Getting Kid Ready for Summer
Throw out the left-over liquor bottles from holiday parties. If they’re going to experiment, it will be with the stuff you’re least likely to look at or touch. Since teens say when they drink they do so at a friend’s home, it’s time for us to start talking to those parents and asking direct questions, such as, does my teen have access to alcohol in your home? Worst-case scenario is you’ll embarrass your teen. It won’t be the first time.
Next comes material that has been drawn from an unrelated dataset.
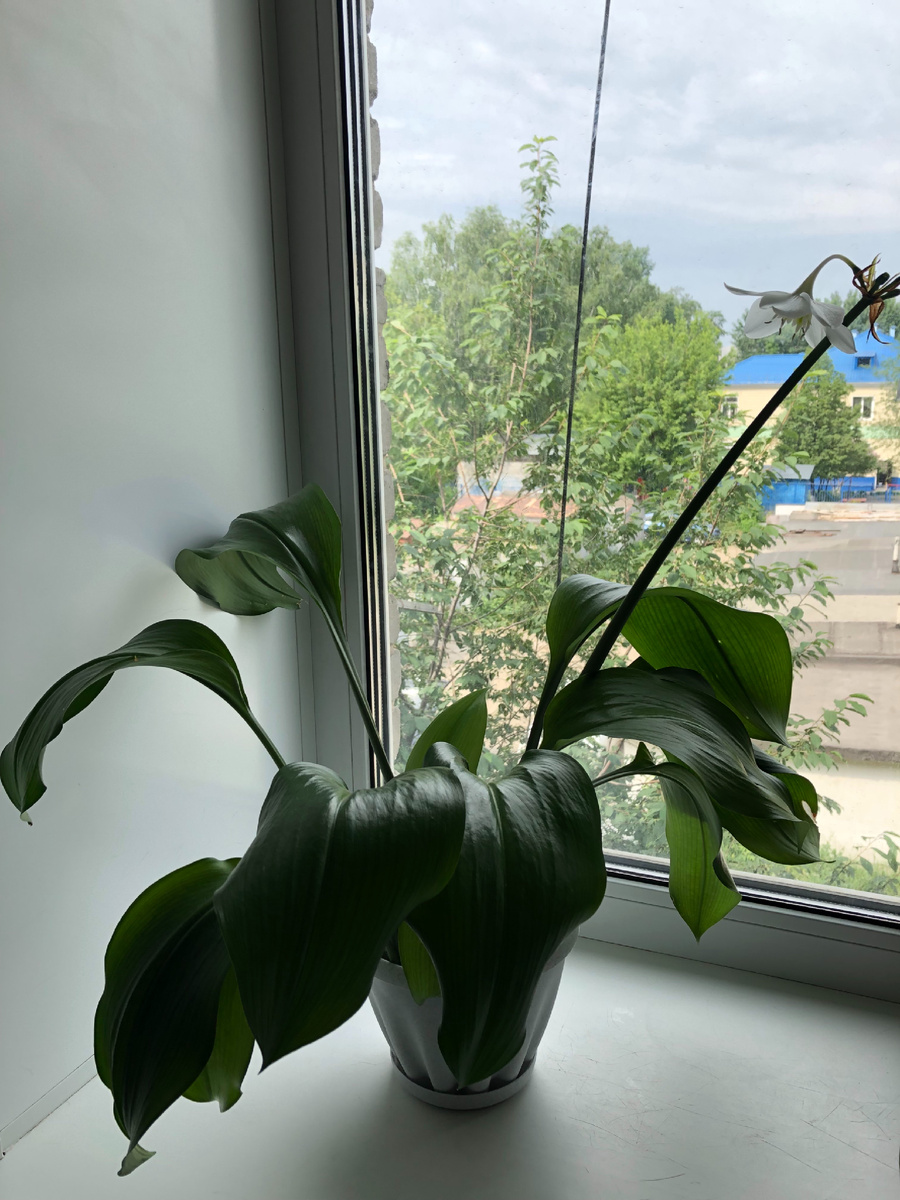 Так из двух луковиц за год выросло такое растение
Prepare for boredom. Before you know it, they’ll be calling you on the phone while you’re at work asking to go to place A, with friend B, whom you’ve actually never met, but is a friend of friend C, whom you know quite well. And, oh by the way, they’ll be home before you get home, and they’ll keep their cellphone on. I believe most teens are inherently honest and good, but I’ve noticed they can smell weakness. If they can get their otherwise logical parent who normally would insist on all facts and details with 24-hour notice to budge in this one moment, the door is open for compromise. Work with your teen to make plans in advance and stick with the 24-hour notice rule for activity outside of the home. If friend B is really that important to your teen, they’ll make plans within your guidelines.
A summer job can be a gateway to experimentation. Summer jobs can result in relationships between your teen and older, legal drinking-age individuals. Plan on talking to your teen about work relationships, new friends and your expectations of them while they are working for the summer.
Plan for fun and down time. Endless surveys of teenagers show that they are often more worried, more stressed and more over-extended than any other teen generation that has come before them. Take time out. Plan in advance for ways that you and your teenager can relax.